Desenvolvimento de e-commerce próprio: o que uma empresa de e-commerce entrega de verdade
Quem pesquisa criação de loja virtual encontra duas ofertas
O mesmo termo reúne dois compradores que não precisam ficar no mesmo resultado. O primeiro quer montar um catálogo no mesmo dia, com tema pronto e cobrança mensal. O segundo já usou esse caminho e bateu no teto: a lógica de frete não entra no aplicativo, o atacado não mora com o varejo no mesmo catálogo, e cada atualização quebra alguma coisa que já estava no ar para tapar um buraco.
Este material cobre do segundo cenário. Confundir os dois sai caro: quem ainda valida se o produto vende e encomenda backend próprio paga por algo que a mensalidade já resolve melhor e mais barato. Quem já opera com regra própria e fica no template empilha aplicativo, taxa por venda e um profissional só para fazer os pedaços se falarem. Criação de loja virtual honesta parte dessa distinção, não por uma lista de temas.

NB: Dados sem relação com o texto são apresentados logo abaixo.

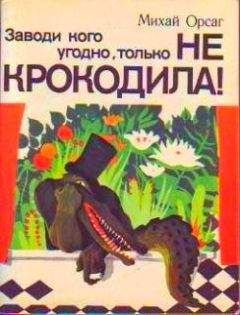Михай Орсаг - Заводи кого угодно, только НЕ КРОКОДИЛА! - Читать 📖 Читать онлайн 👀 Читаемые книги читать онлайн бесплатно 🔥 booksread-online.com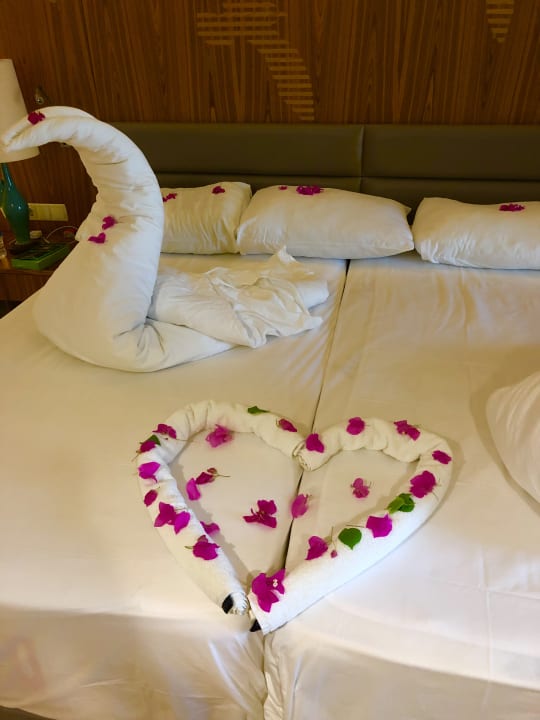 Zimmer PALOMA Perissia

Em que ponto o template não basta
Existem sinais objetivos de que a assinatura parou de dar conta. Você paga mensalidade, taxa por venda e ainda três ou quatro apps para cobrir furos. O preço por CNPJ não entra na mesma vitrine do varejo. O produto sazonal some errado quando o estoque zera, e a URL que ranqueava morre junto.
Que outros alertas costumam aparecer
O sistema de gestão que a operação usa há anos liga na vitrine por conector genérico, com campo faltando. Qualquer ajuste fino vira instalação de aplicativo — e toda atualização quebra alguma coisa. Você quer sair e descobre que os endereços trocam e a posição vai junto. Nenhum desses alertas é gosto de layout. São tetos de ferramenta.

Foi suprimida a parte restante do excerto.